Managing power and politics is a challenge for managers in higher education, but it can be mastered. As managers, too often we are so tied up in the moment of trying to achieve results that we do not take the time to reflect and plan an effective leadership strategy.

Hopefully the approach discussed here will generate a structure where distributed leadership copes with the day-to-day processes, freeing you up to focus on important management content issues. Great when our people can say, “Yep, we know the challenges facing us, the direction we have to go and that we will support one another. We can really make a difference here.”

Hospitality Management Career Training Programs and Coursework

Opportunities for obtaining the educational training that is necessary for a hospitality management career can be found through various schools and colleges. You can look forward to learning the skills that will be used in the workforce by enrolling in an accredited program. Selections can be made at various certificate and degree levels as well as specialized areas of study. Enrollment in an accredited school or college will help you to prepare for entrance into the career of your dreams. You can learn more about the options available to you prior to enrollment.

When looking to pursue a career in hospitality management, you can expect to find a number of paths to choose from. Training options include earning a certificate or degree in a specialized area of study, in order to prepare for the career you wish to enter into. Training is available at the certificate level as well as the associate, bachelor, and master degree levels. Training will last anywhere from several months up to six years based on the educational training you require. The level of training that is received will help to decide on the careers that can be pursued as well as the coursework that will need to be completed.

Various types of careers are available once an accredited education in hospitality management is obtained. With enrollment in an accredited school or college, you can prepare for the profession that is right for you. Opportunities include becoming a:

  • Hotel manager
  • Travel Agent
  • Restaurant Manager
  • Reservations Specialist
  • Shift Supervisor
  • Front Office Manager

…and a variety of other related professions in this field. By pursuing any of these careers you can enter into the employment you dream of. Coursework will vary but can cover all necessary topics to help you succeed.

Enrollment in an accredited educational training program will help you to obtain the knowledge that is needed fro entrance into the workforce. You can learn a number of exciting skills that will help you to carry out the needed tasks for your desired career. Topics covered will help you to learn travel and tourism, accounting, purchasing, safety, communication, and much more. Accredited hospitality management schools and colleges are available to provide you with the chance to study marketing and sales, service management, economics, culinary arts, and many other related subjects. With training in these areas you will be ready to seek employment and begin the path to an exciting future.

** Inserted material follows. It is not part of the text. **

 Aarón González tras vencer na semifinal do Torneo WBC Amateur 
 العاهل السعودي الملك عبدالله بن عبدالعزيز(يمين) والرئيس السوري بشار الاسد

Accredited hospitality management programs are designed to offer the best quality educational training that is available to you. Various agencies such as the Accrediting Commission of Career Schools and Colleges (http://www.accsc.org/) can fully accredited schools and colleges that meet all requirements and provide you with the career preparation that is needed to become a successful professional. You can research available programs and request more information in order to better prepare and find the training program that fits your individual needs and goals. Start the path to an exciting future by enrolling today.

DISCLAIMER: Above is a GENERIC OUTLINE and may or may not depict precise methods, courses and/or focuses related to ANY ONE specific school(s) that may or may not be advertised at PETAP.org.